Savage T. Eve vs. "Cat Burglar" Nami
It's time to du-du-du-du-dudududududu-duel!
Let the battle of wits, begin!
NAMI uses 'two turtle doves'.
EVE cosplays as Santa and gives Ms Doublefinger a present… turns out she didn't ask for a bomb for Christmas.
NAMI gives her flowers as an apology.
EVE has allergies and sneezes in her face.
NAMI fires a gloved fist.
EVE gives it a fist pump with a 'ba-la-la-la-la' and a magical wiggle of her fingers.
NAMI begins blowing bubbles.
EVE gets distracted and pops them gleefully.
NAMI gets stabbed.
EVE weeps like a child.
NAMI becomes a water feature.
EVE frolics in the water majestically.
NAMI uses THUNDERSHOCK - it's super effective.
EVE loses HP.
NAMI uses TORNADO - it's super effective.
NAMI and EVE defeated MISS DOUBLEFINGER.
Winner of Wits: "God" Usopp
Nami was pissed Usopp had won our Pokebattle of Wits. Arriving at the battlefield to rejoin all the other Strawhats, she had whacked him a good one with her Clima-tact.
"Nami! Eve! Mr Bushido! Everyone's safe!" Vivi exclaimed, a small smile of relief sat on her face.
Although Vivi had seriously stretched her definition of safe, looking between the swordsman that had blood dripping from him and his subordinate that looked like she had been chargrilled, her hair sticking up as if she had been caught in an explosion, a tattered marine hat hanging from one of her, err… points?
"How did you get Nami and Eve hurt?" Sanji inquired of my senpai.
"Aren't they alright?" Zoro queried, a thumb jabbed in our direction.
"I don't feel a thing," I beamed as my body spasmed and crackled with excess lightning.
"Sorry I lost to that guy once, but this time I won't lose," Luffy began, eyes shadowed beneath his signature straw hat.
"Hurry up with it," Zoro scoffed as I lifted a flag with 'LUFFY' on it with a twitch.
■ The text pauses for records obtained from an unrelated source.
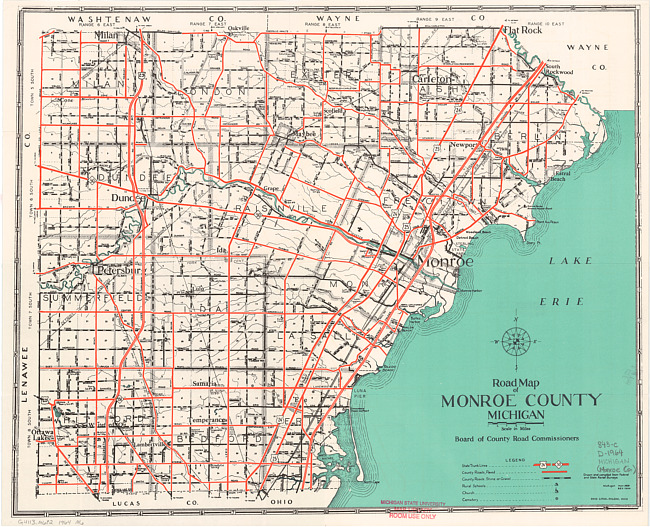 Road map of Monroe County, Michigan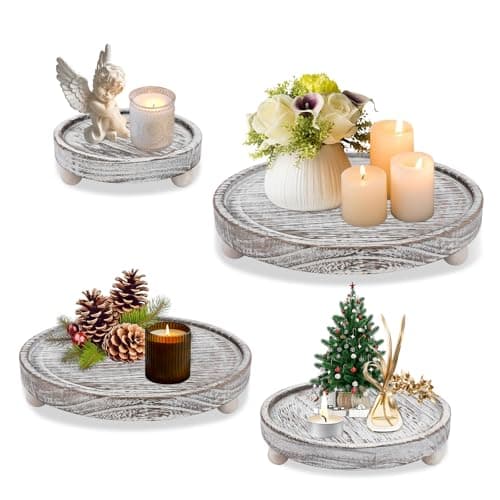 Image of Set of 4 Wooden Candle Plate Tray Riser for Display, Wood Pillar Tealight Candle Holder Farmhouse Coffee Table Centrepiece Decorative Trays for Home Wedding Xmas Housewarming Decor Table Decorations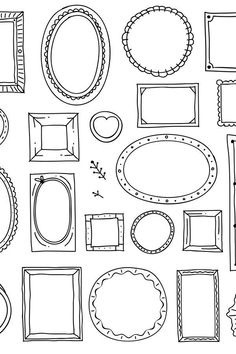 a bunch of different frames and ovals on a white background with black outline drawings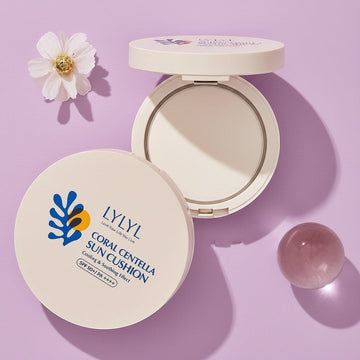 Assemble K - Play .Try .Glow LYLYL Coral Centella Sun Cushion SPF 50+ PA++++ with cooling & soothing effect.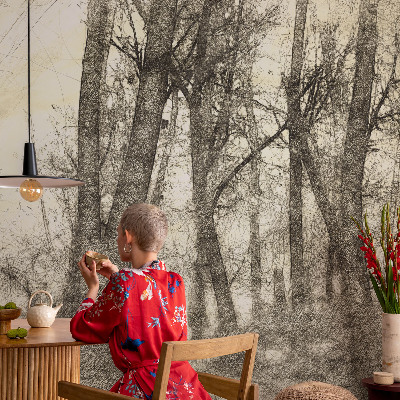 Premium wall mural for bedroom with the Forest Melancholy design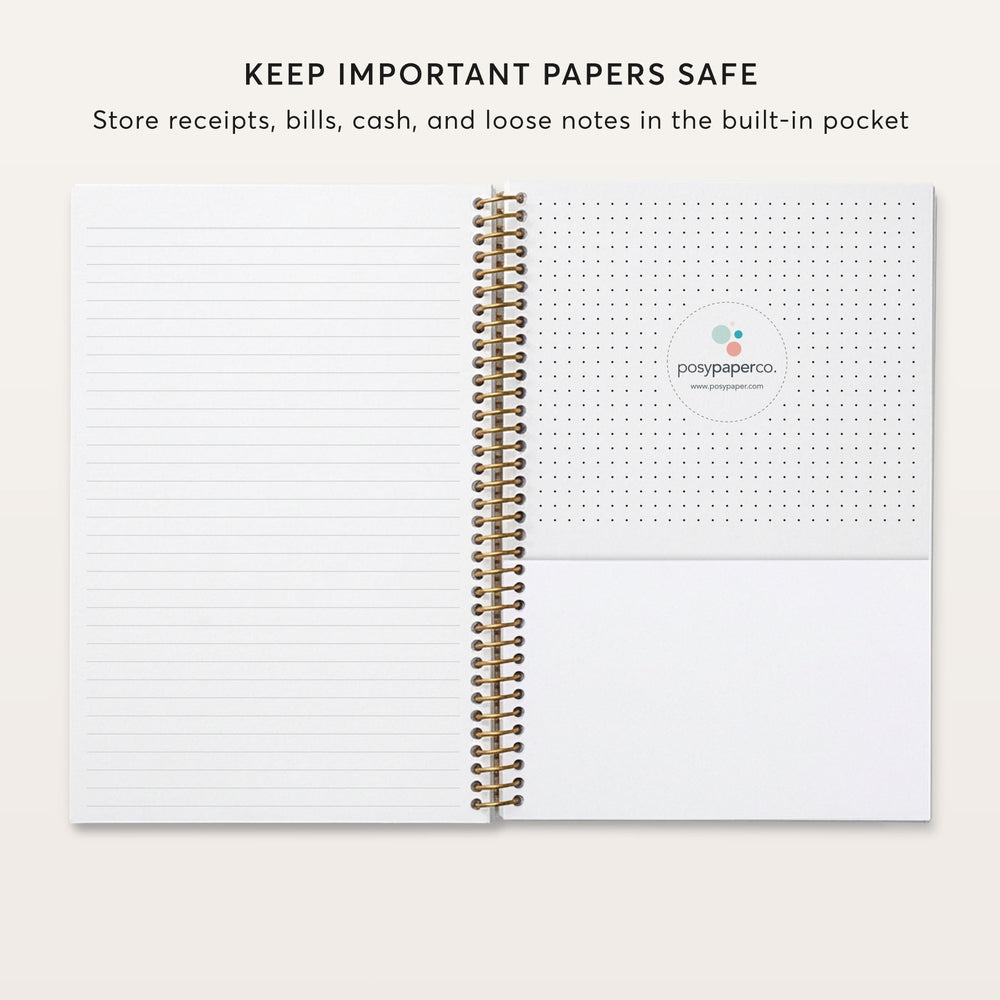 
                  
                    The image is a page from a spiral-bound notebook, with a blank page on the left side and a page with a dotted grid on the right side. The text on the page reads "KEEP IMPORTANT PAPERS SAFE Store receipts, bills, cash, and loose notes in the built-in pocket".
                  
                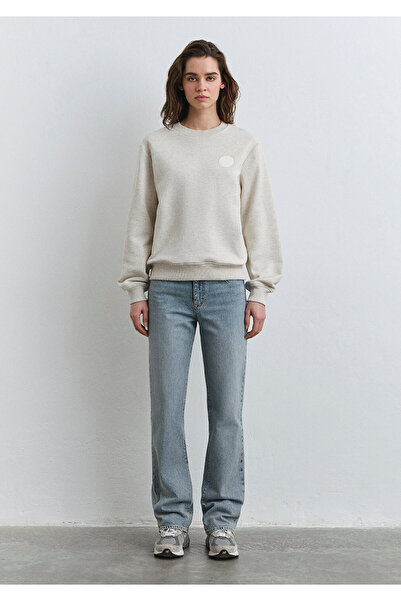 Mavi Patch Logo Crew Neck Μπεζ φούτερ 1S10296-85438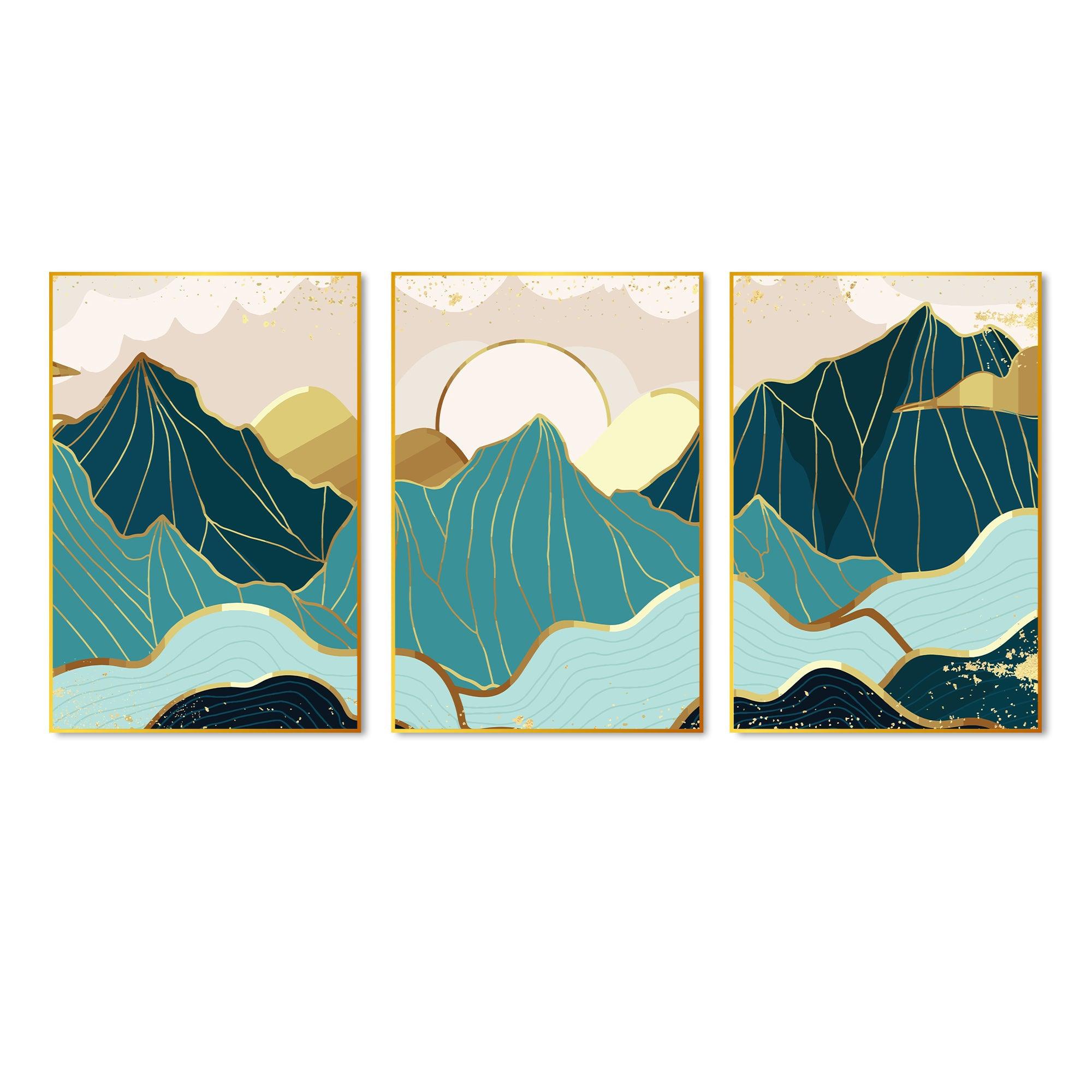 Sunrise Abstract Floating Canvas Wall Painting Set of Three - Decor Mantra 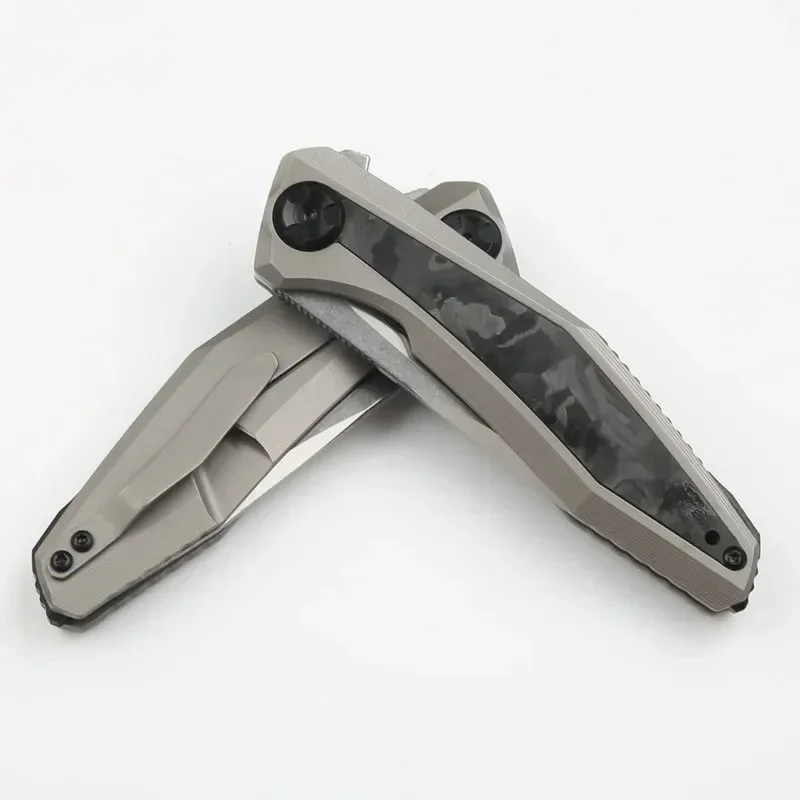 0470 Pocket Folding Knife 20CV Blade Ceramic Bearing Titanium+Carbon Fiber Handle Hunting Camping Survival Tool Knives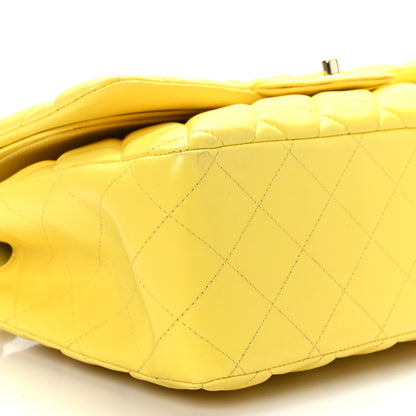 Chanel Lambskin Quilted Jumbo Double Flap Yellow 8 of 10
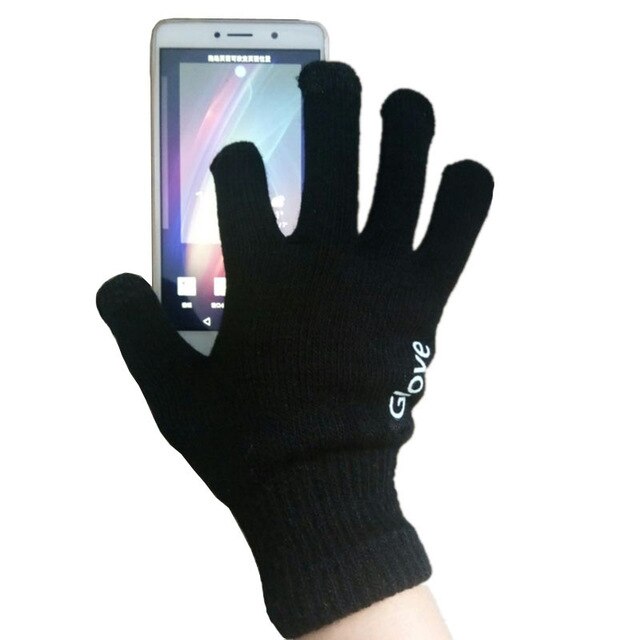 2 Pairs Zwart Unisex Handschoenen Kleurrijke Mobiele Telefoon Aangeraakt Handschoenen Mannen Vrouwen Winter Wanten Zwart Warm Smartphone Rijden Handschoen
"-I'LL FINISH IT NOW… ALL OF IT!"
A/N: Pahaha it had been too long since Papa Buggy was mentioned! So two more chapters to go until the end of the Alabasta Arc which is where I've wrote up to. I have been writing... but no promises to more as of yet. But hopefully this was a bit of fun to read :D
The Killer: Naah, she's not insane... just... mentally challenged XD
Lily E. Miller: Ahh, I sense a great fan of senpai. I think they'd be cute together too, but I was trying to keep their relationship purely worshiper/worshipee. Also hopefully, you will love the next few chapters. Lots of Zoro!
Iris my Beloved: Last Airbender is literally my favourite thing ever. I couldn't not use the Sokka quote. Same. Ace is so cute! I must admit I was tempted to write him as interested in the pretty lady but looking at what we know of his character he's actually just really polite in canon.